Le grand défi est une interdiction imminente de l’assurance dans l’UE et au Royaume-Uni pour les navires transportant du pétrole russe. Cela exclurait effectivement la Russie des principaux marchés des pétroliers, leur laissant des options considérablement réduites pour expédier leur pétrole. Les pétroliers n’ont pas seulement besoin d’assurer des cargaisons coûteuses, mais aussi contre des responsabilités telles que les déversements de type Exxon Valdez avec des coûts de nettoyage de plusieurs milliards de dollars.

Rory Johnston, un stratège des matières premières, affirme que la plupart des grands ports n’accepteront tout simplement pas les pétroliers sans protection et assurance d’indemnisation – un marché dominé par le Royaume-Uni et l’UE – et estime prudemment que la baisse de la production russe doublera pour atteindre environ 20% par rapport aux niveaux d’avant l’invasion. — soit 2 millions de barils par jour — d’ici la fin de l’année.

La production russe pourrait encore chuter, l’Agence internationale de l’énergie prédisant une baisse de 3 millions de barils par jour, soit l’équivalent de la perte de la quasi-totalité de la production du Koweït.

Ce déficit potentiel ne sera pas facile à combler.

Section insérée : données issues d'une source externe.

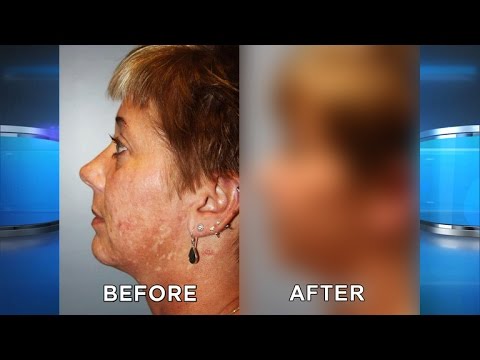 Extreme Acne Scar Procedure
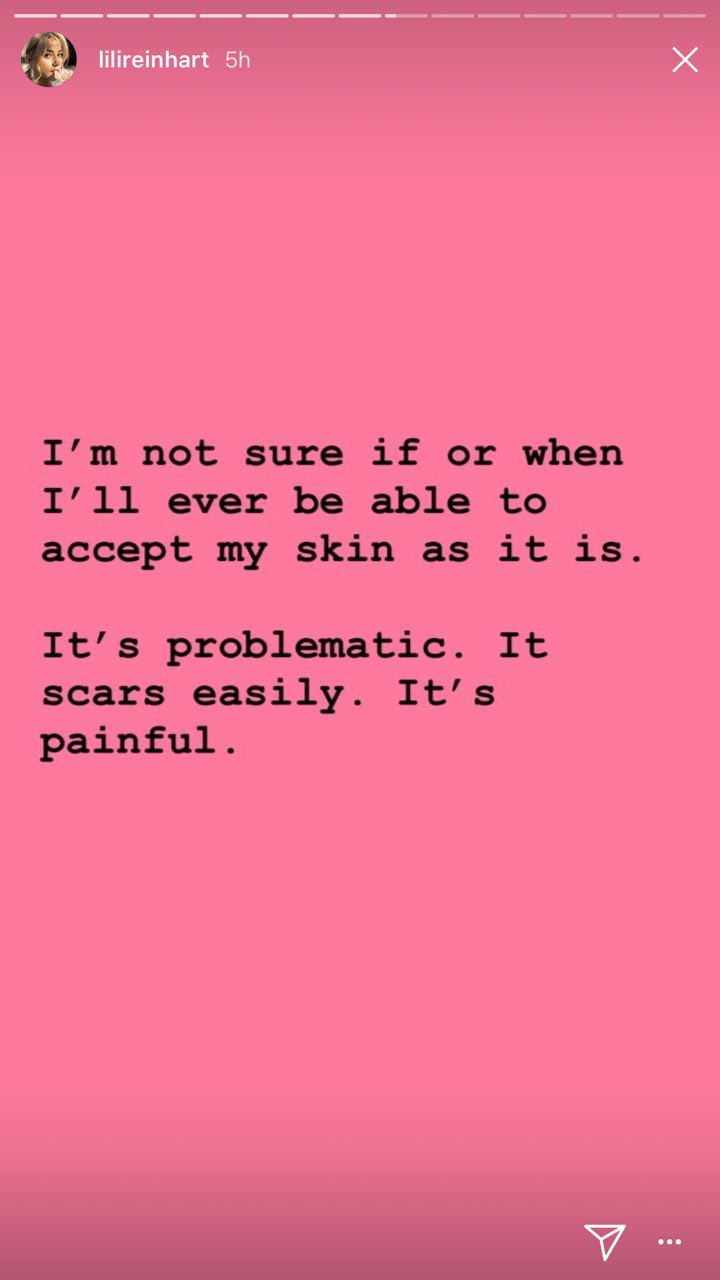 INSPIRING: 'Riverdale' actress Lili Reinhart speaks up on cystic acne insecurities 7 2018 05 23 15.12.07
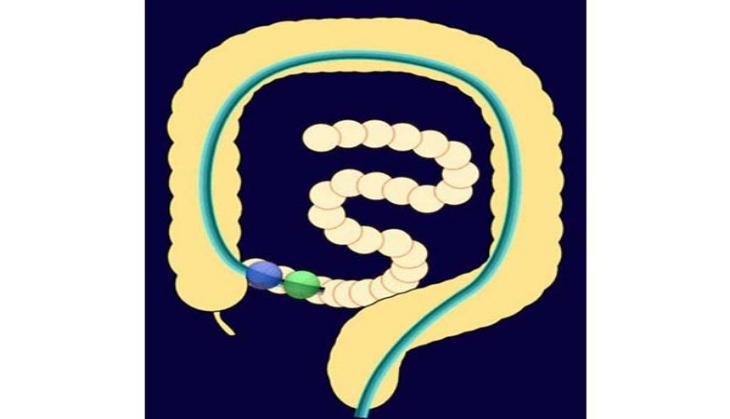 Double Balloon Enteroscopy: New introduction at BGS Gleneagles Global Hospitals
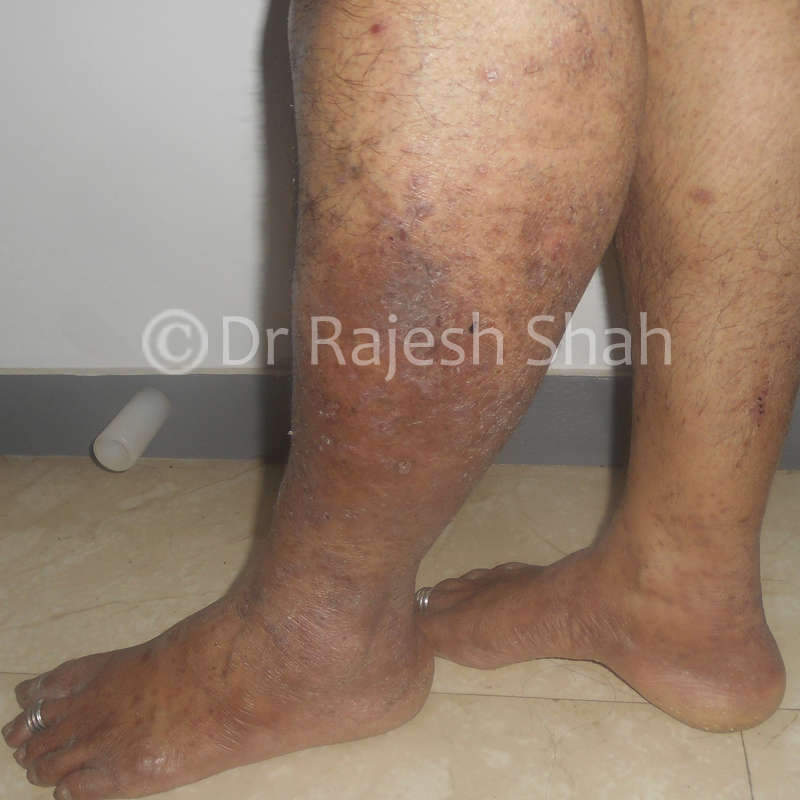 Lichen planus spots on legs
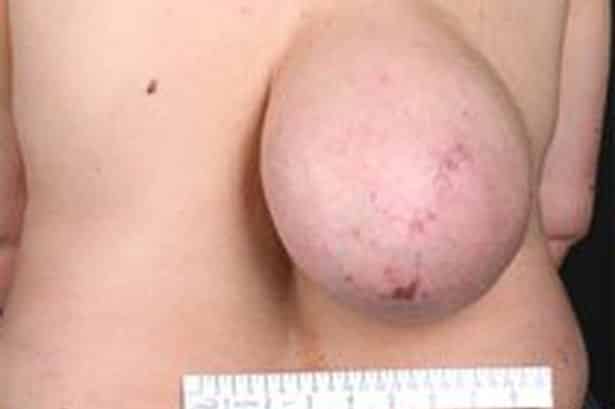 Woman_grows_boob-shaped_tumour_the_size_of_bowling_ball_on_her_back_for_10_years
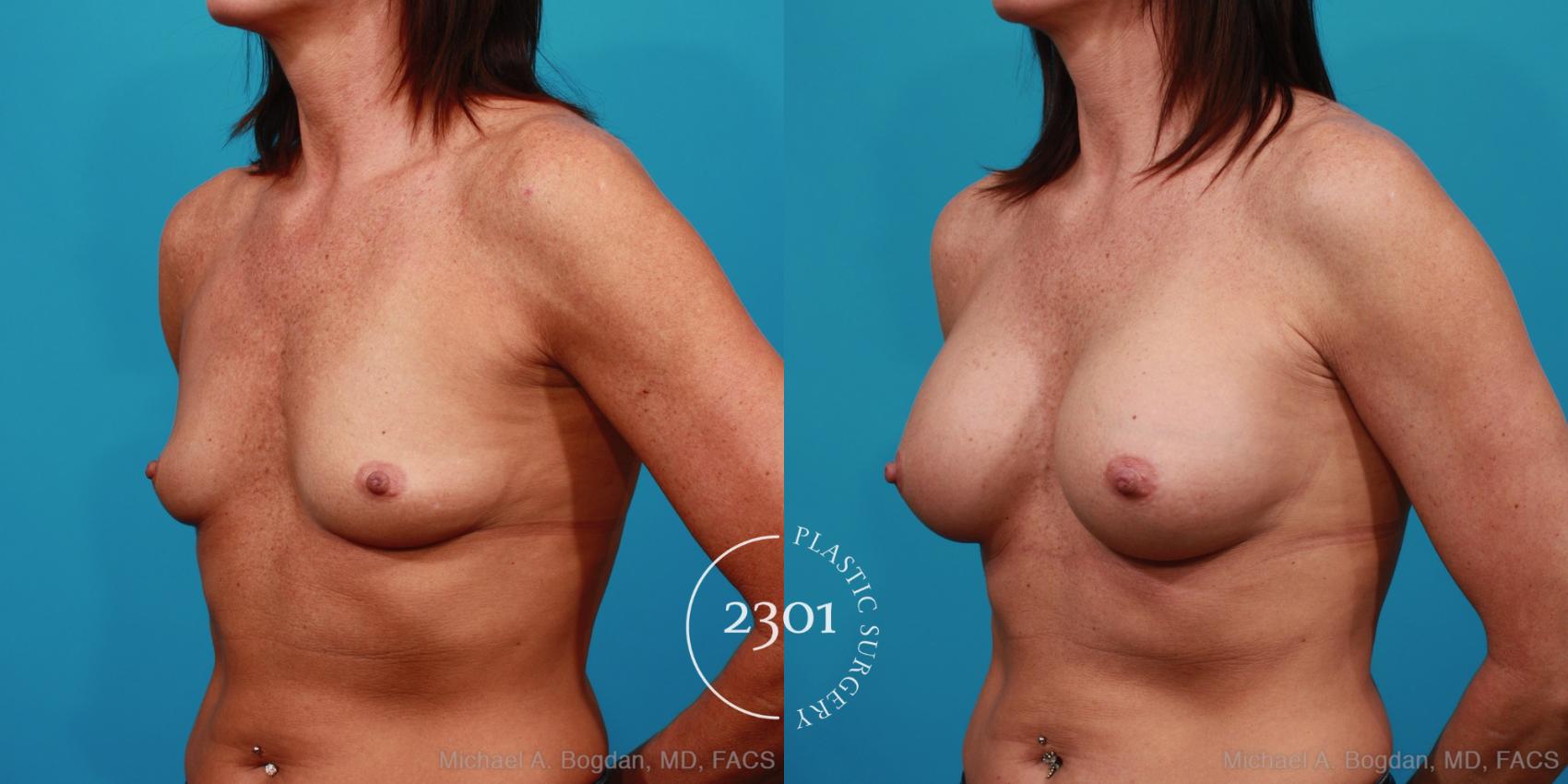 Before & After Silicone Implants Case 322 View #3 View in Fort Worth, Plano, & Frisco, Texas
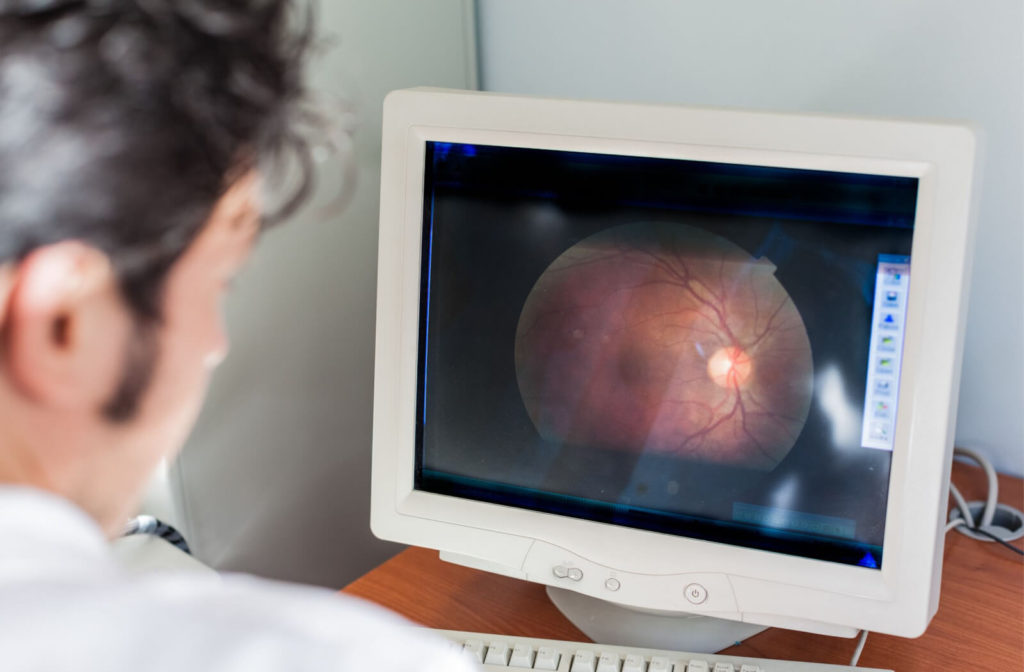 A male ophthalmologist looking at a retina scan on a computer monitor to assess the health of an eye.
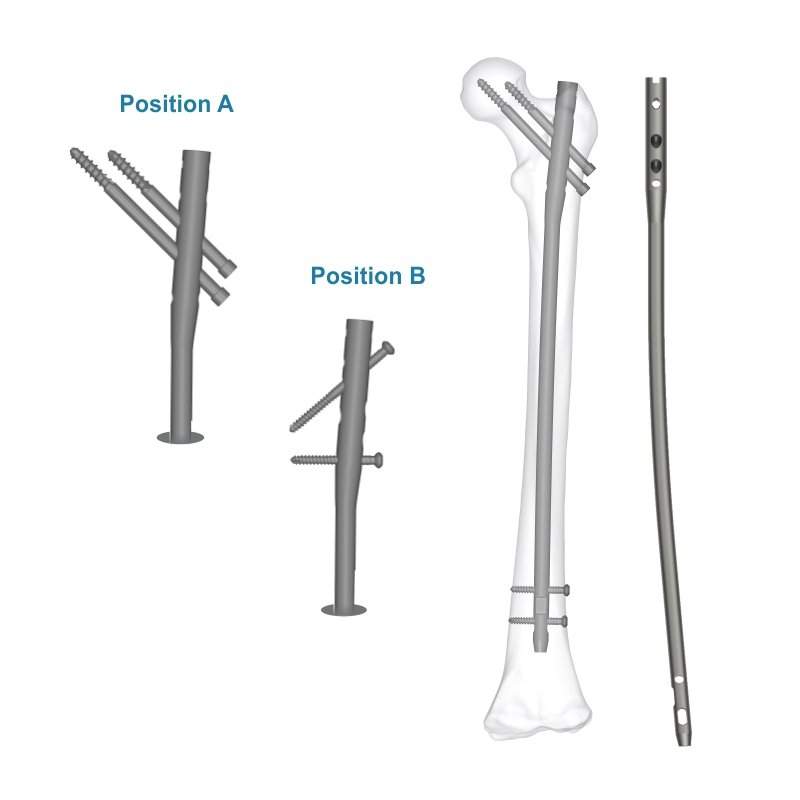 Aduera™ Expert Femur Nail – Titanium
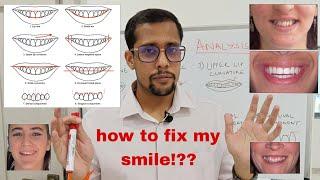 how to correct my smile! | smile check in 5 mins | smile correction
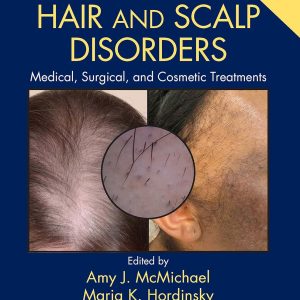 Hair and Scalp Disorders: Medical, Surgical, and Cosmetic Treatments 2E
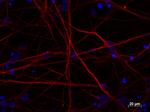 MAP2 Antibody in Immunocytochemistry (ICC/IF)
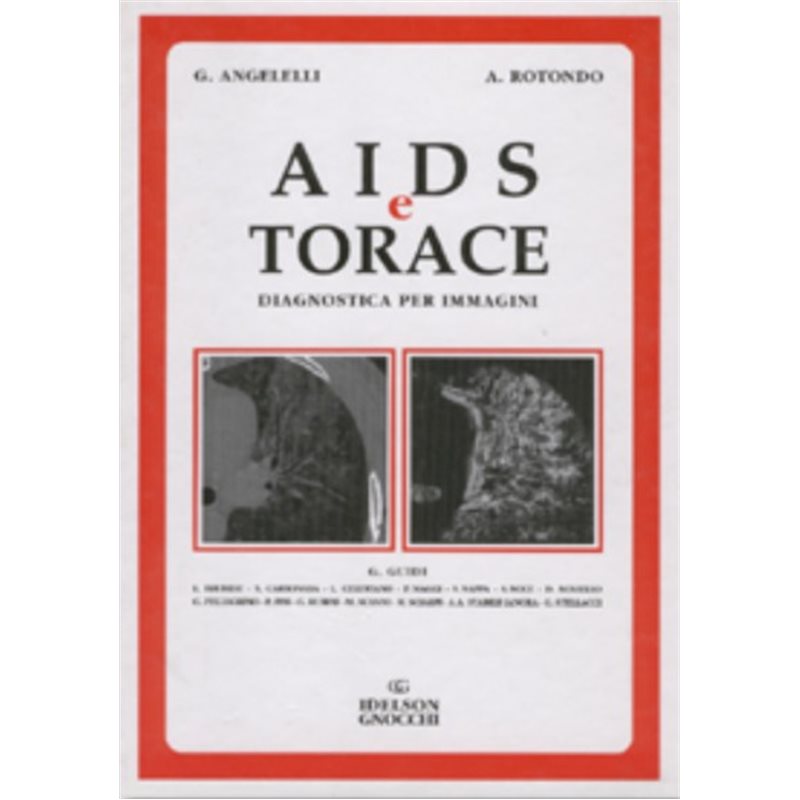 AIDS E TORACE - DIAGNOSTICA PER IMMAGINI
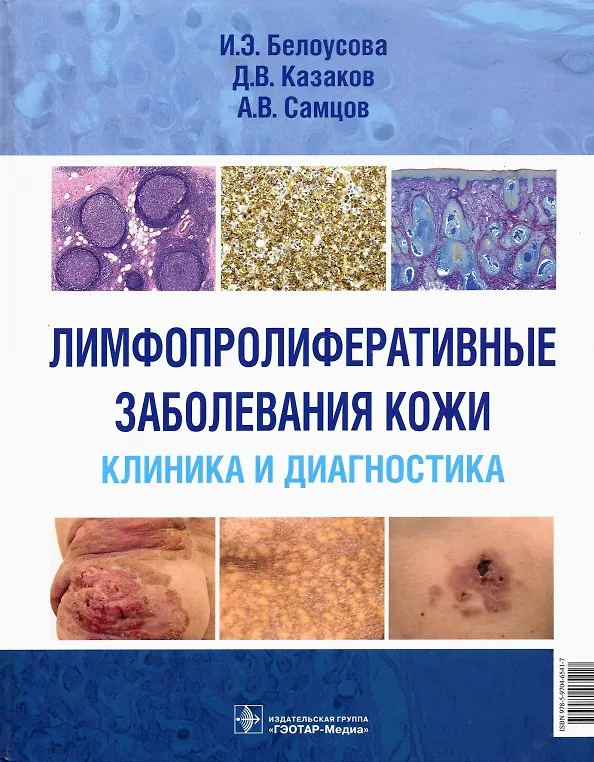 Книга Лимфопролиферативные заболевания кожи. Клиника и диагностика () — 1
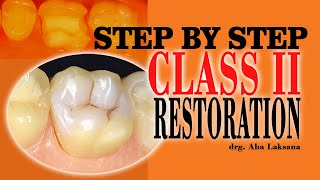 Step by Step Class II Direct Composite Restoration  Operative Dentistry Polofil® NHT  VOCO GmbH [upl. by Anagrom979]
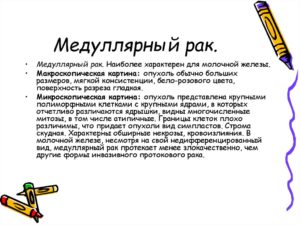 Медуллярный рак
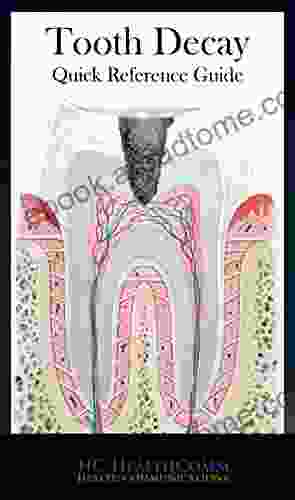 Tooth Decay Quick Reference Guide: Full Illustrated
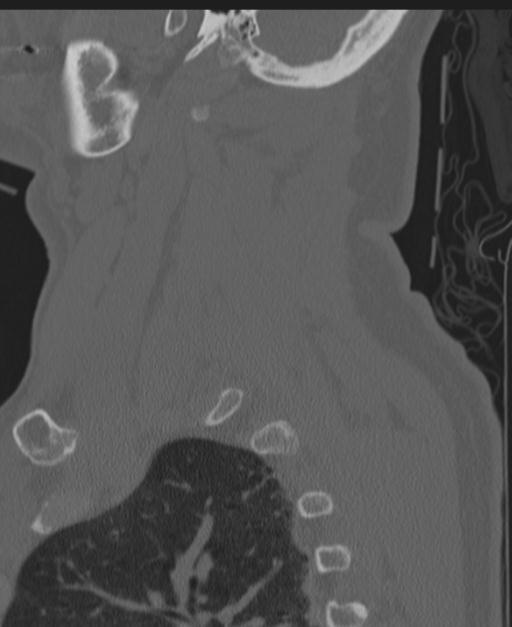 Cerebral hemorrhagic contusions and cervical spine fractures (Radiopaedia 32865-33841 Sagittal bone window 80).jpg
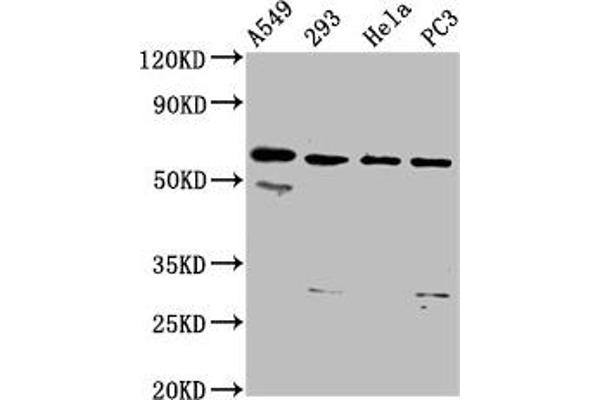 DDX28 抗体  (AA 71-206)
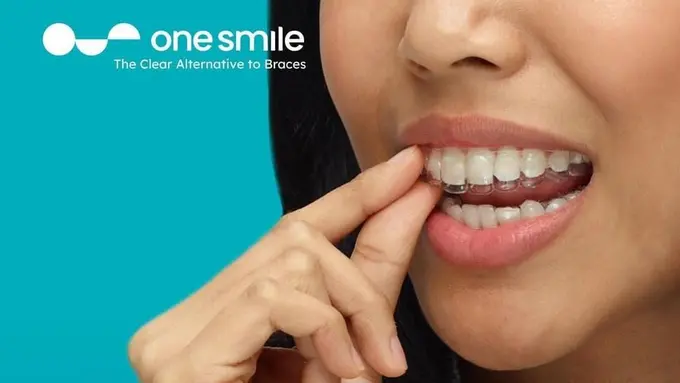 clear aligners
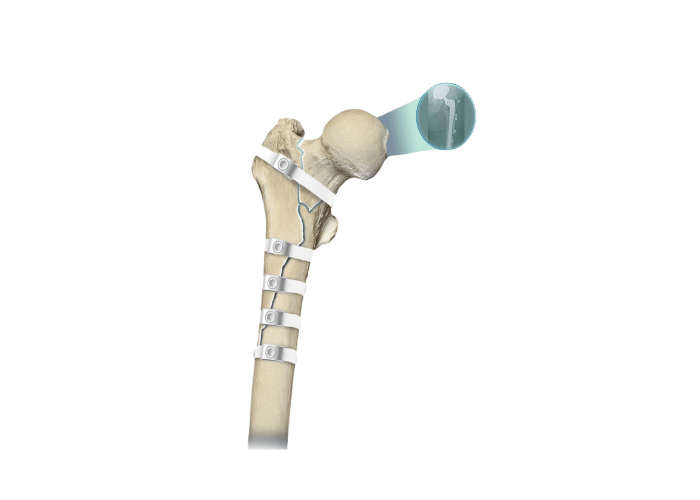 Cerclage Ortholox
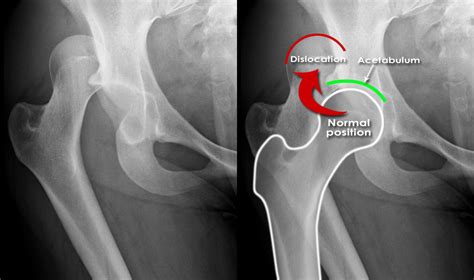 Posterior Hip Dislocation Presentation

Les gouvernements occidentaux ont déjà puisé dans les réserves stratégiques, libérant environ 1 million b/j depuis l’invasion. Mais cela n’a fait que tempérer la hausse des prix, pas l’inverser, et ne peut pas continuer indéfiniment.

Les seuls pays disposant d’importantes capacités de production inutilisées sont l’Arabie saoudite et les Émirats arabes unis, mais leur capacité de pompage n’est pas illimitée. La production de l’Arabie saoudite approche les 11 millions de b/j après avoir accepté d’accélérer légèrement les augmentations de production. Mais ajouter un autre 1 million de b/j pousserait leur production vers un territoire inexploré, mettant à rude épreuve leurs champs pétrolifères s’ils devaient y maintenir la production pendant plus de quelques mois.

D’autres membres de l’Opep ont du mal à relancer la production même aux niveaux d’avant la pandémie après des années de mauvaise gestion et de sous-investissement. Un éventuel accord nucléaire américain avec l’Iran qui pourrait libérer davantage de leurs barils bégaie.

Vous voyez un instantané d’un graphique interactif. Cela est probablement dû au fait que vous êtes hors ligne ou que JavaScript est désactivé dans votre navigateur.


La flambée des prix alimentaires risque de provoquer des troubles dans de nombreux pays producteurs de pétrole, menaçant davantage les approvisionnements.

Les majors pétrolières occidentales restent hésitantes à investir. Même s’ils ont ignoré la pression pour passer au vert, les grands développements en dehors de la zone de schiste aux États-Unis mettent des années à se concrétiser.

Si l’offre est profondément troublée, cela laisse la demande équilibrer le marché. Mais les gouvernements ont procédé à des réductions à court terme des taxes sur les carburants qui soutiennent la consommation, tandis que les personnes frustrées par deux ans de perturbation de Covid-19 ont été disposées à payer à la pompe.

La Chine rouvre. Les gens volent à nouveau. La demande va dans la mauvaise direction.

Tous ces facteurs pointent vers une hausse des prix du pétrole jusqu’à ce qu’un niveau soit atteint qui réduise la consommation, probablement en déclenchant un ralentissement économique suffisamment important pour réduire la demande. En d’autres termes, une récession pour de nombreuses économies.

Les décideurs politiques pourraient encourager la conservation, de l’abaissement des limites de vitesse au rétablissement des taxes. Mais les preuves à ce jour suggèrent qu’ils sont plus heureux de tomber dans un désastre que de contrarier les automobilistes. Ils doivent espérer que lorsque le pétrole redeviendra moins cher, les électeurs auront toujours un travail où se rendre en voiture.